Mayor Rahm Emanuel’s plan to boost the annual income of struggling Chicago cabdrivers by as much as $8,000 without raising fares sailed through a joint City Council committee Tuesday amid complaints that the reforms do not go nearly far enough.

“The city needs to do more if we are going to preserve a healthy taxi industry. It is not enough to give our hard-working, mostly immigrant workforce a living wage — nor does it provide an attractive enough income improvement to lure our drivers back from the ride-steal industry they have been flocking to,” said Fayez Khozindar, chairman of the United Taxidrivers Community Council.

One week after aldermen cast a historic vote to raise Chicago’s minimum wage to $13-an-hour by 2019, the UTCC’s Secretary-Treasurer Peter Enger told them cabbies “need a living wage” and won’t get it from the mayor’s plan.

“It is a first step and we’re happy about it. But it will not benefit all cabdrivers. The independent owner-operators who do not pay credit card cashing fees because they process it through their own system and the ones who do not pay leases because they own their own medallions are not getting any benefit at all from this ordinance,” Enger said.

Ald. Anthony Beale (9th), chairman of the City Council’s Transportation Committee, countered that the sweeping reforms that the Transportation and License committees advanced to the City Council floor for a final vote Wednesday were an “indirect fare increase” without further burdening consumers.

“This is a gigantic step to break the stranglehold the city has put on cabdrivers…It’s an increase without saying it’s an increase,” Beale said.

Earlier this year, the UTCC proposed a ten-point plan that included raising mileage and waiting times by 25 percent. Under that plan, the cost of entering a cab would have remained at $3.25. But the charge-per-mile would have gone up from $1.80 to $2.40, while the waiting time would go to 20 cents for every 24 seconds, instead of every 36 seconds.

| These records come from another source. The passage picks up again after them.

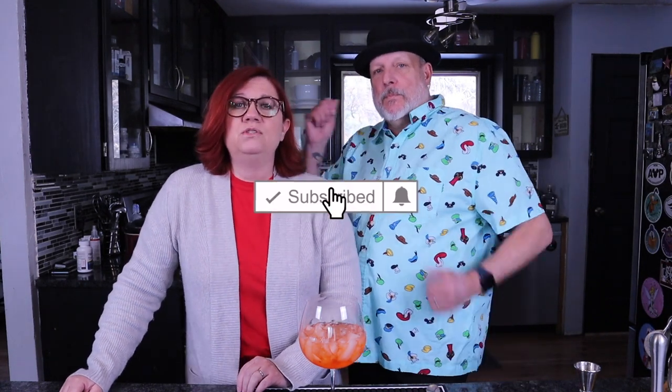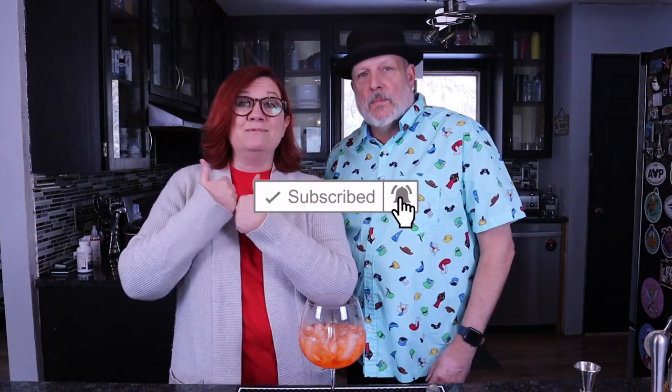Thank you guys so much for watching. I'll post the recipe at the end of this video and down below. Let us know if you give this one a try. If you haven't already, please hit the subscribe button, ding the notification bell, and give us a thumbs up if you enjoyed this video. We'll see you guys next Monday — Cheers! Have a great week!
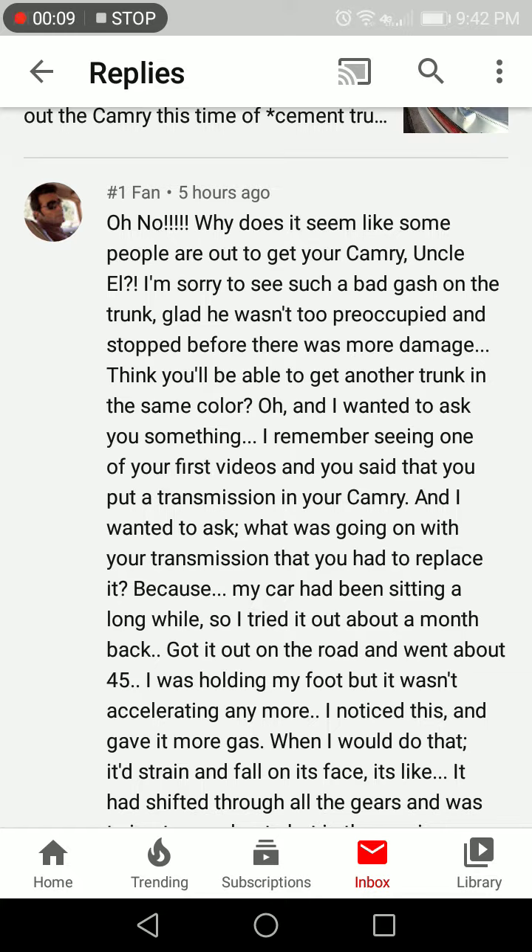We had to start out with some Rockford Files, number one fan. Thanks for your condolences — we were stopped and I guess he was digging, looking for something. Luckily he was stopped and didn't crash me full on. I just seen a Camry in the yard the other day with the same color trunk and I was like, I should get that.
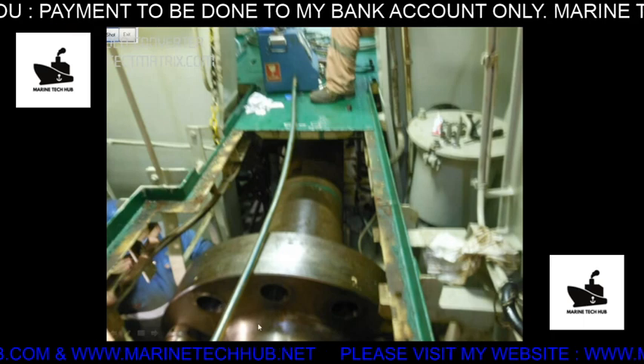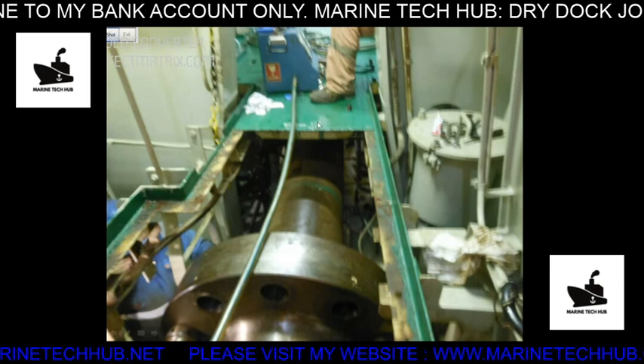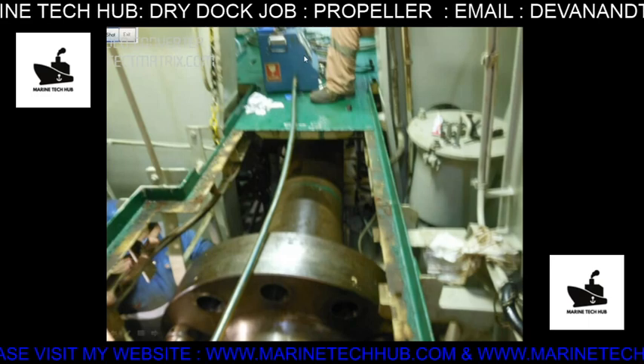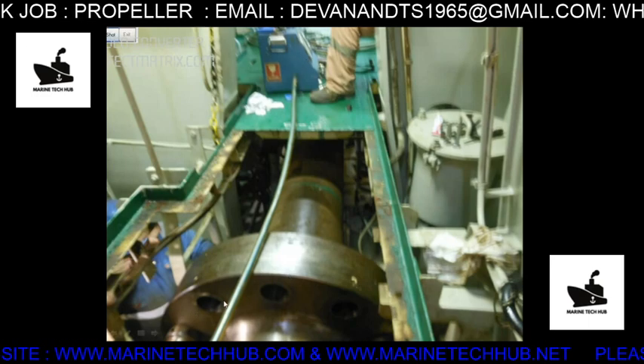You can count the bolts removed here — one, two, three — all removed from this side, going straight out. We are using the hydraulic pump again to build up pressure to remove these bolts.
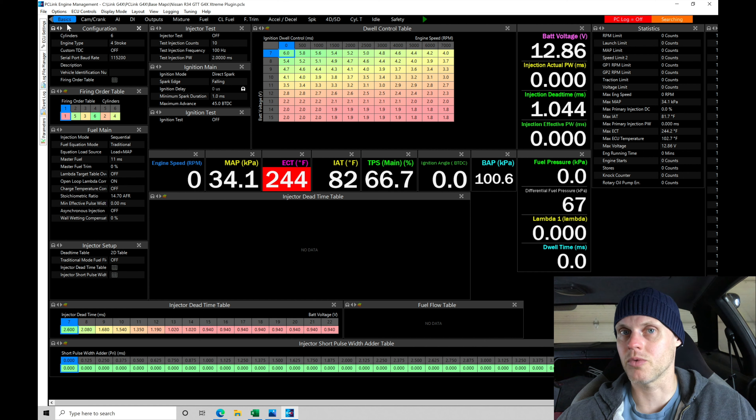Further into the live training we'll look at some race applications using a Fury or Extreme Box, going through setting up all inputs and outputs from scratch. But for now this is a plug-and-play application with a plug-and-play base map. Let's go ahead and edit it and go through all the relevant layout windows.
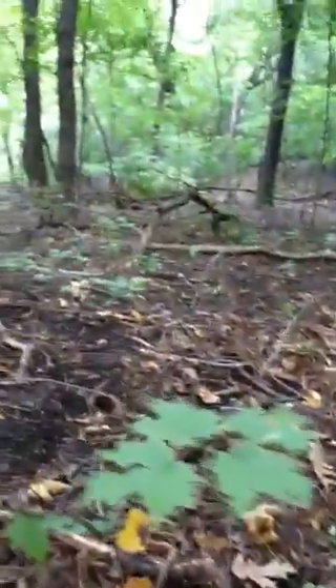We've got some little baby maples right here, but also some buckthorn scattered in with it. Just an interesting observation as I'm hiking around today.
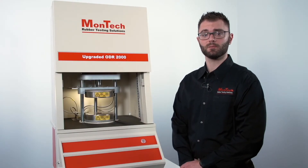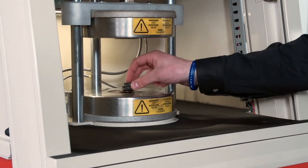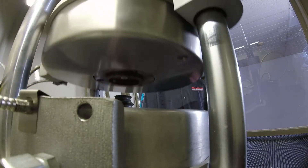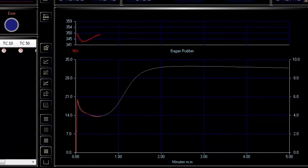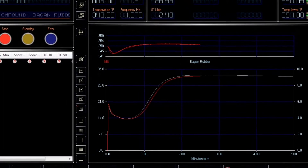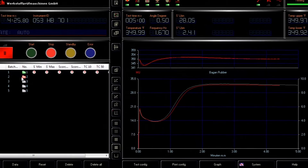Running a test with your Montech upgraded instrument is easy — all you have to do is cue the test, load your compound, and press the start button. Montech is designed to meet modern testing needs and comes with a large variety of test methods that can be easily selected from a pre-loaded list, allowing new operators to start testing within minutes.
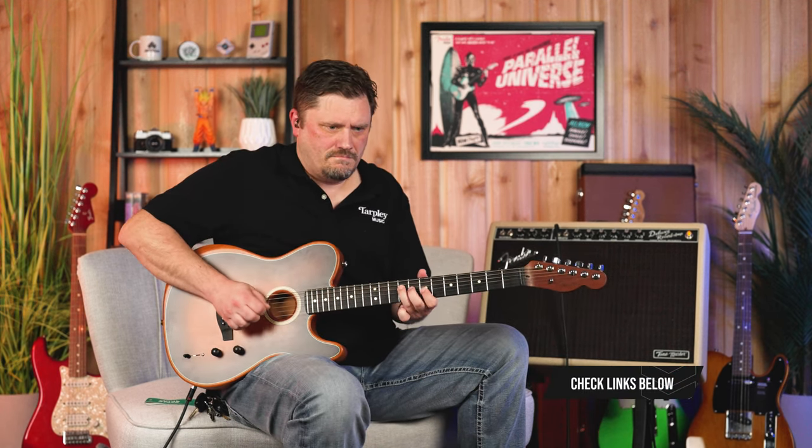Anyway, definitely worth checking out. Head down to Tarpley, play one, plug it in, play it acoustically, get a feel for it. And if you enjoyed this video, please hit like. Subscribe if you haven't already, and if you'd like to know as more videos drop, just turn on notifications. We'll see you on the next one.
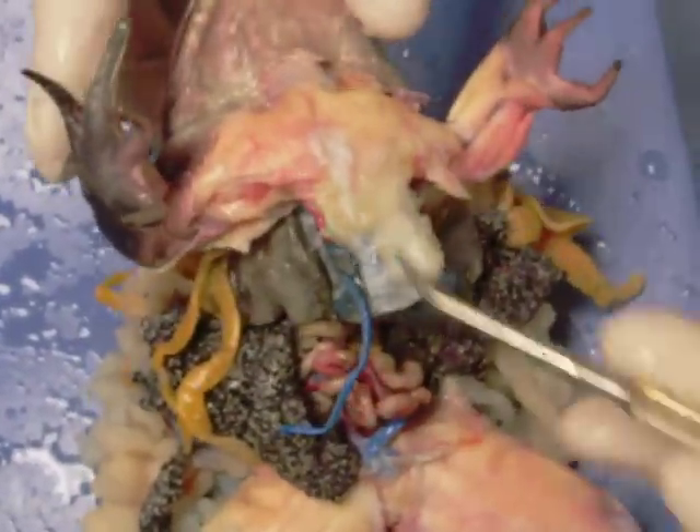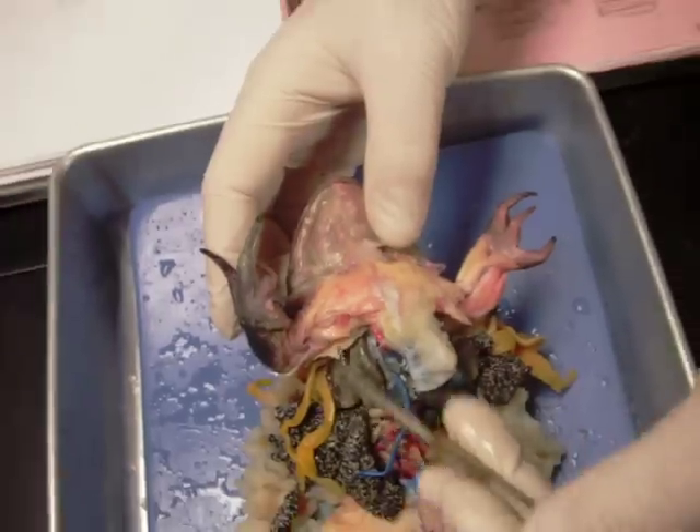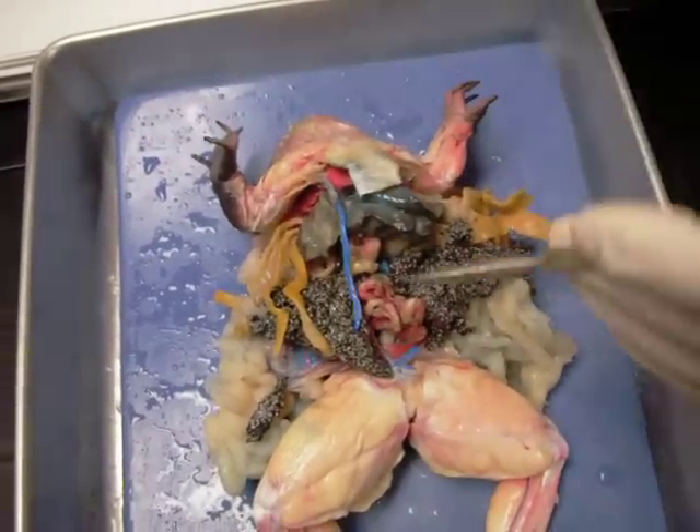A muscle that we missed before: here's the pectoralis. It comes across like this, and there's also a longitudinal section to it — but of course that's been removed as this frog has been dissected, so that piece is indeed missing. We also missed the deltoid, but it's not being shown properly on these specimens.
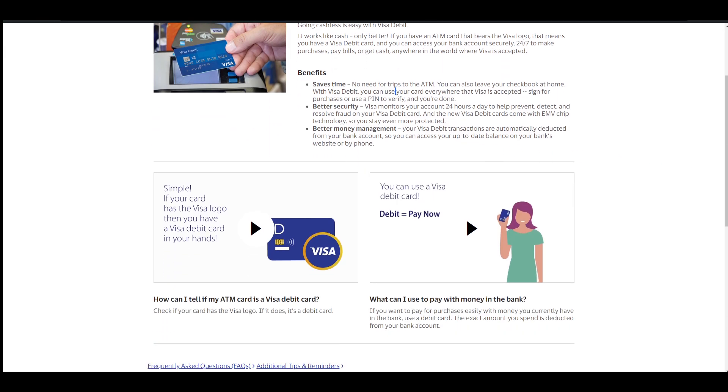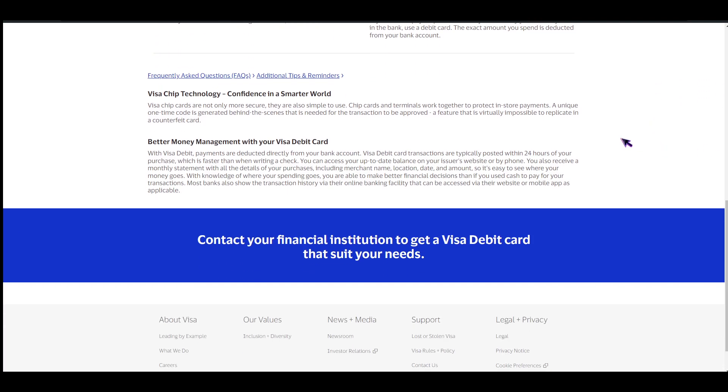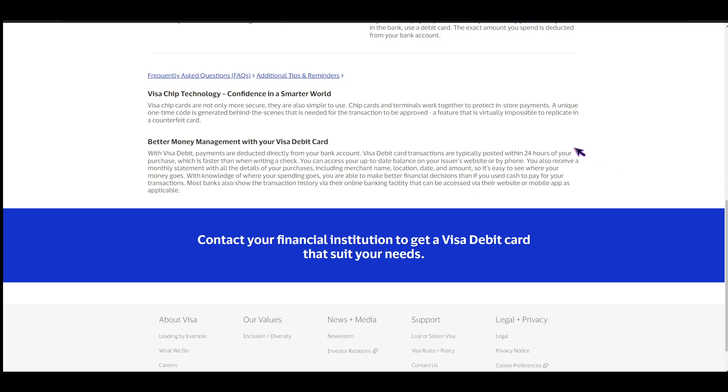Now, there's also one more way, which is online — like checking your online account. First, if your bank has net banking, then you can check there. Also, if your bank offers a mobile app, you could check in there as well. And lastly, you can check your card number through your online bank statement.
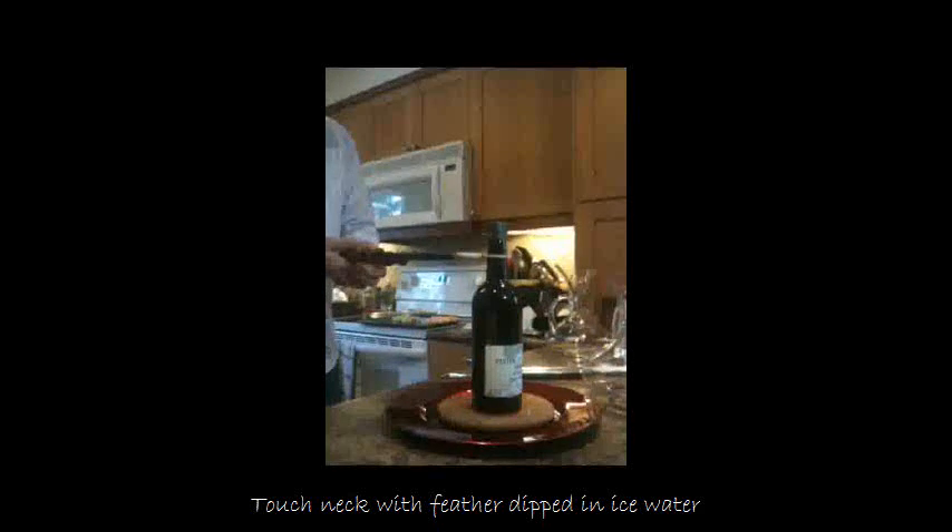Hold them on for 30 seconds, after which you're going to take a feather or a cloth dipped in ice water. Remove the tongs. Touch the feather to the bottle — it should crack the neck. In this case, it fell off.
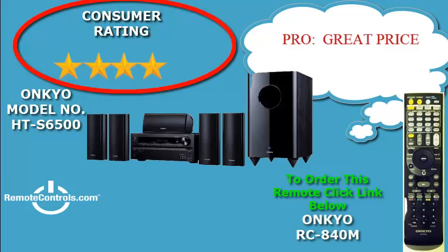The part number of the remote control that comes with this home theater is RC-840M.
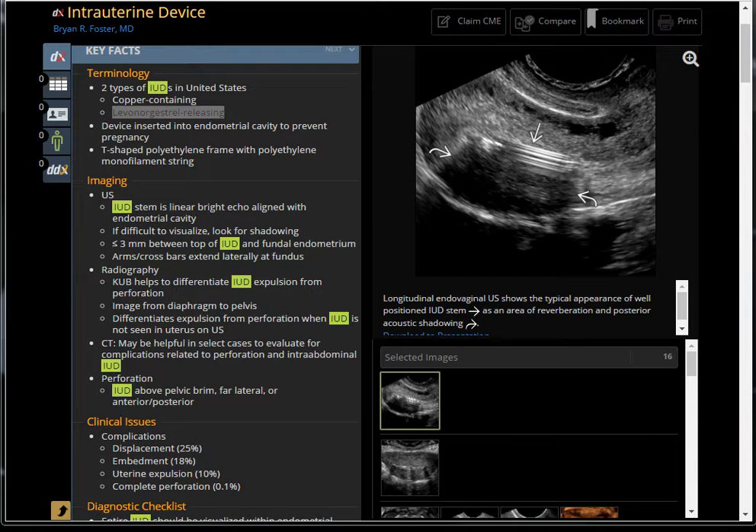Today I'm going to talk about the intrauterine device evaluation by ultrasound. There are two types of intrauterine device in the United States. One is copper containing — basically they're there to make a hostile environment that prevents implantation of a fertilized egg. The other one is a hormonal-releasing IUD; the predominant one is called Mirena, M-I-R-E-N-A.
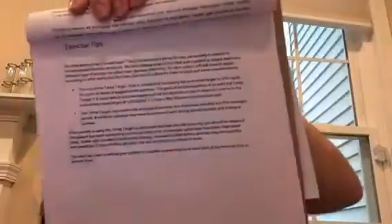With that said, let me get to the point — tip number one: exercise tips. I'm reading from the material. It says: 'We have learned many Smart Guard auto mode lessons along the way, particularly in relation to recommended exercise protocols. We must always keep in mind that every patient is unique and every different type of activity can affect their glucose differently, so each patient will still need to adjust according to what works for them — but here is a place to start and some considerations.'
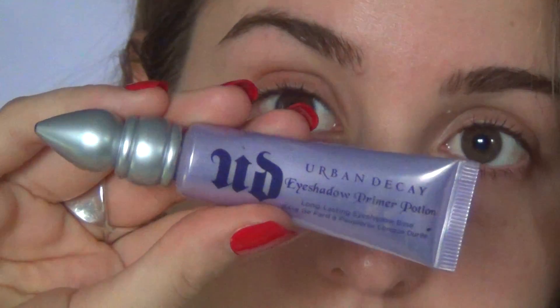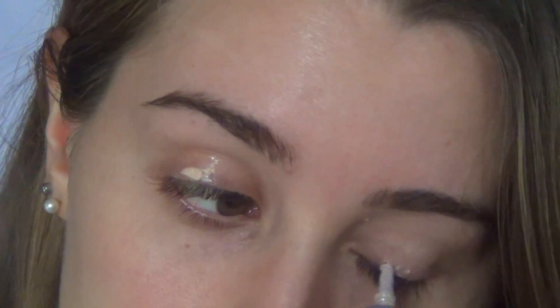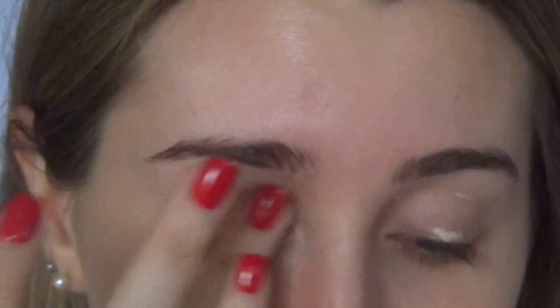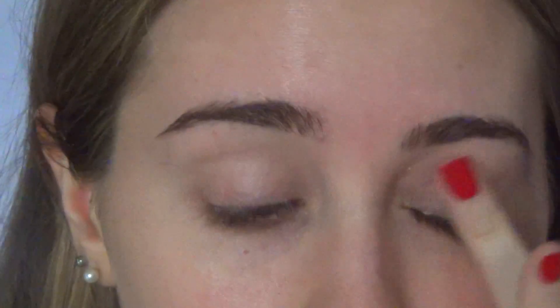First of all, I'm grabbing the Urban Decay Primer Potion. I'm just applying that all over my eyelids to make the colors stand out a lot more and to make the eyeshadows stay a lot longer.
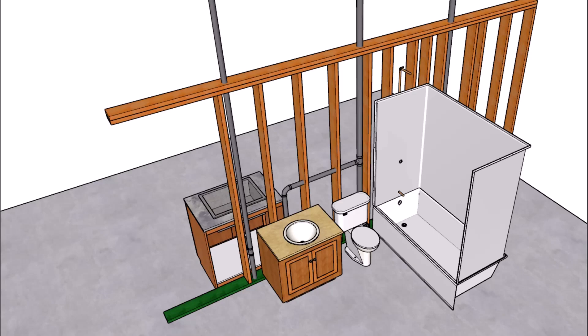Here is another video requested by one of our viewers who wanted to know what it might look like if all of the plumbing was installed in one wall. So we're going to have a bathroom, bathtub, toilet, and sink.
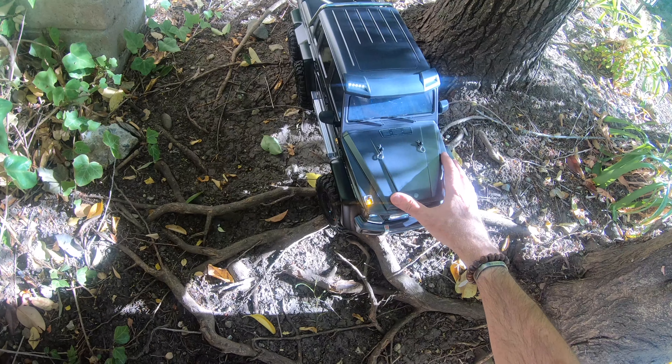Time to take the Traxxas TRX6 out for its first run around the yard. I've plugged the lights in. I've not read the instructions yet, but it looks like you've got four sockets here and it looks like it goes in across that way, and having turned it on we're good to go with the lights.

Chicago’s $13.80-fare for a five-mile ride with five minutes of waiting time currently ranks No. 32 among the nation’s largest cities and has been frozen since 2005. The proposed change would have pushed Chicago into the top 10.

Emanuel ignored those demands, but embraced many of the group’s other ideas to ease the financial squeeze on cabbies in a heated competition with ride-sharing companies. Those ideas, advanced Tuesday, include:

— Creating a city-wide dispatch system that would require all cabs to carry a new app modeled after the one pioneered by Uber and Lyft. A central dispatch system that includes all 7,000 Chicago cabs — instead of just a few hundred — will make cabs “more competitive” with ride-sharing and improve the quality of service to under-served neighborhoods, according to Business Affairs and Consumer Protection Commissioner Maria Guerra Lapacek. An RFP is expected to be issued shortly.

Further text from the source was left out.